• [What you will do]: Required from the data below: the exact lines starting at the line containing "2019 CHRYSLER PACIFICA" and ending at the line containing "Used 2016 Jeep", with both ends kept and all pictures dropped.

• [Data for analysis]:
──────
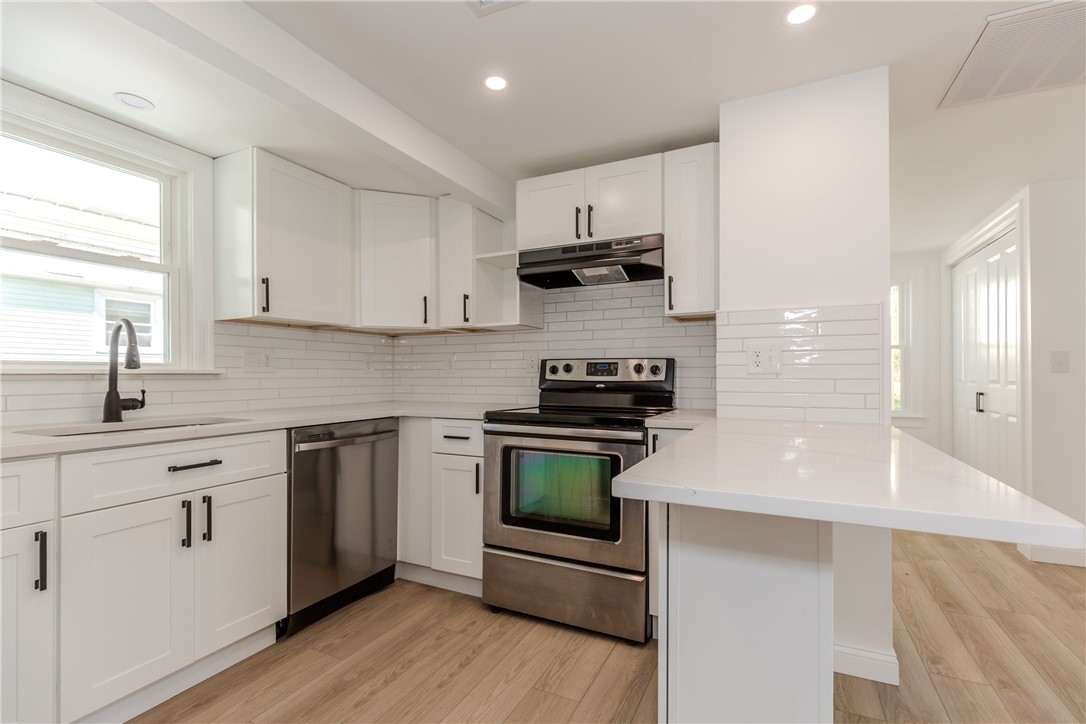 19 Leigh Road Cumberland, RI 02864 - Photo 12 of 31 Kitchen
──────
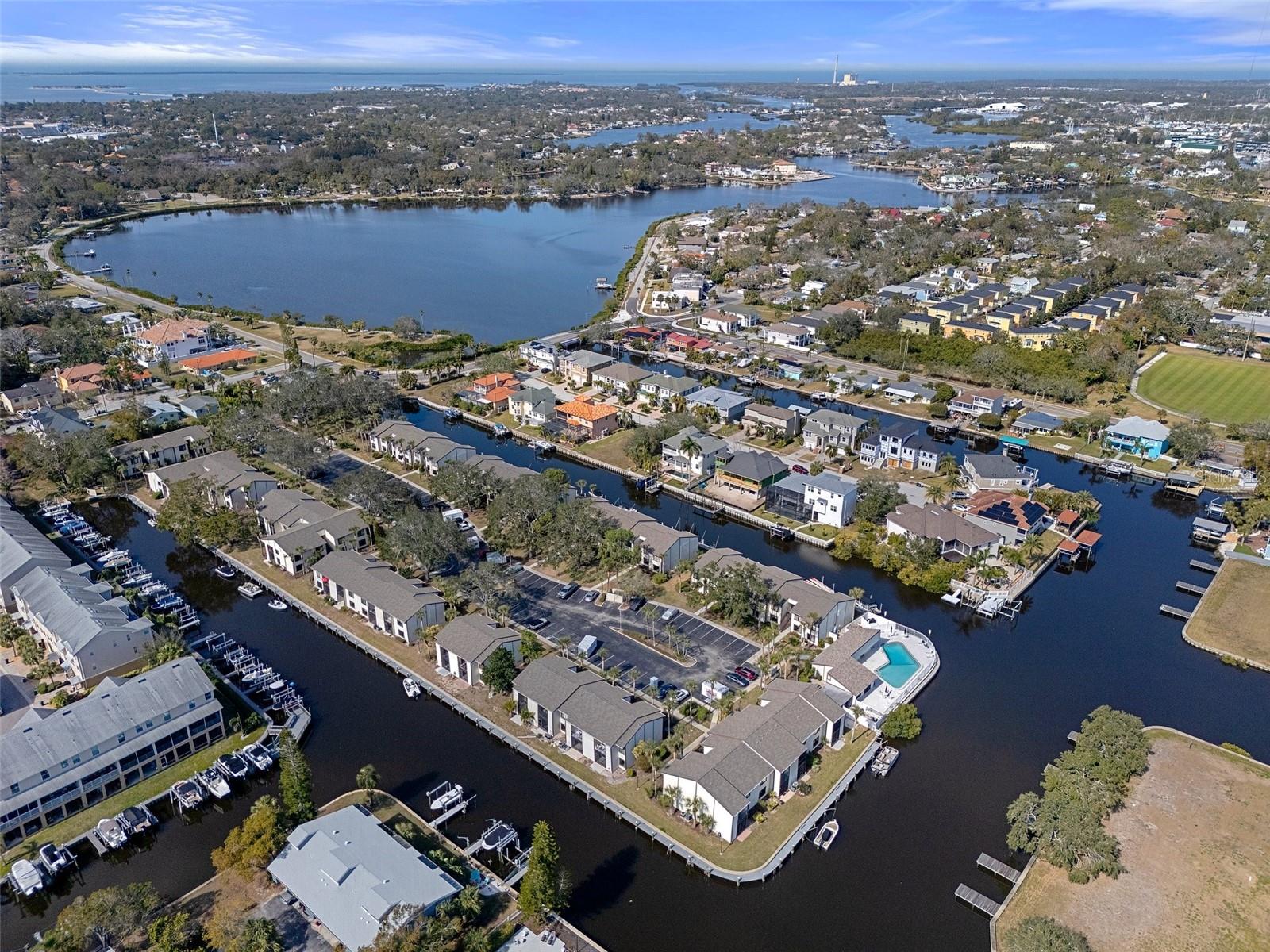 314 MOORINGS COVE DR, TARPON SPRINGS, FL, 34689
──────
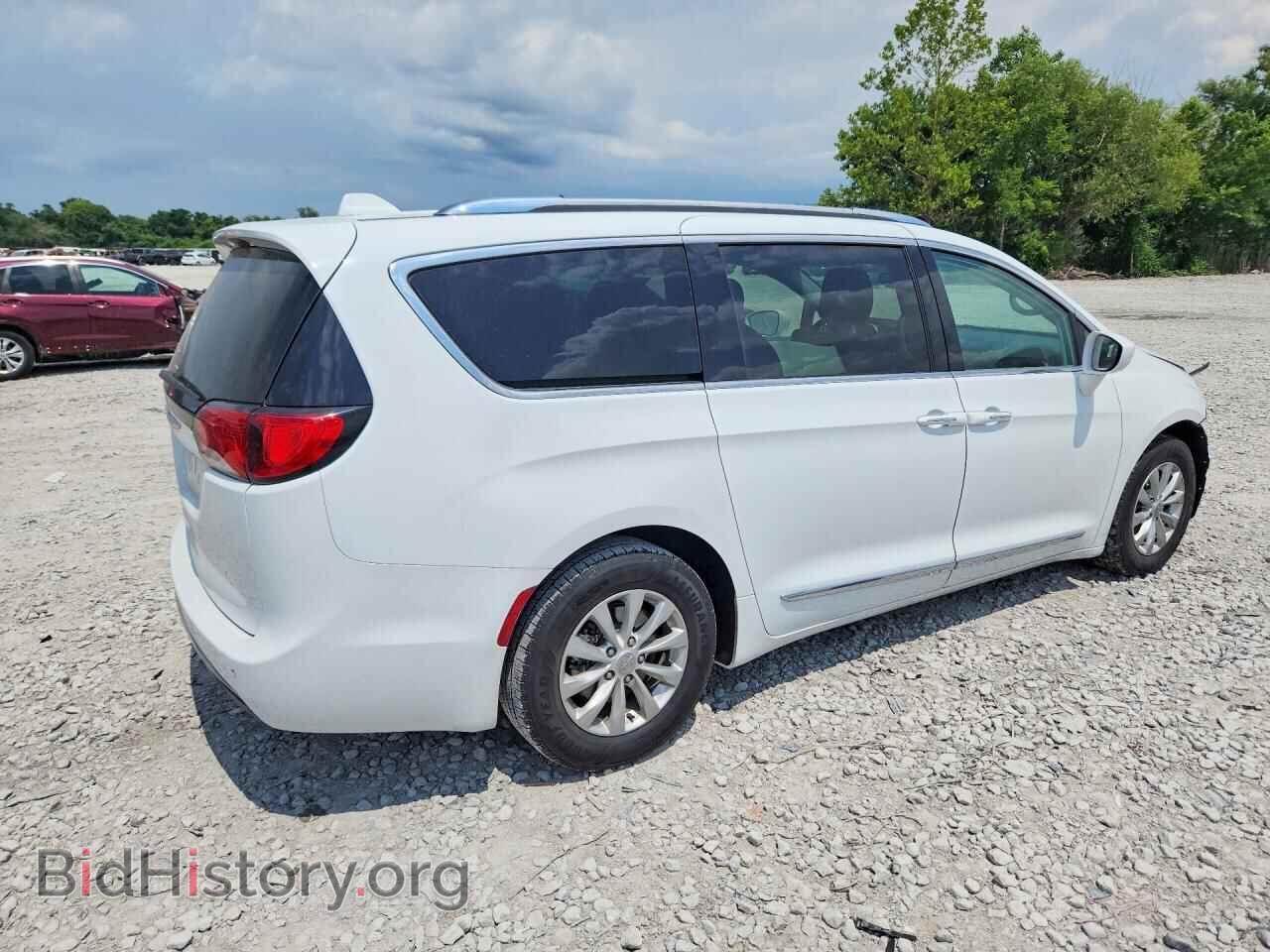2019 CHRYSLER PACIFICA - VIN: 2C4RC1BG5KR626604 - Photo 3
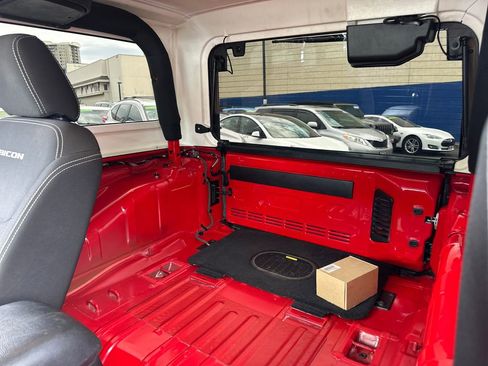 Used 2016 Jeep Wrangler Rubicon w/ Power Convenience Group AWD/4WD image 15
──────
• [Response to the task]:
2019 CHRYSLER PACIFICA - VIN: 2C4RC1BG5KR626604 - Photo 3
 Used 2016 Jeep Wrangler Rubicon w/ Power Convenience Group AWD/4WD image 15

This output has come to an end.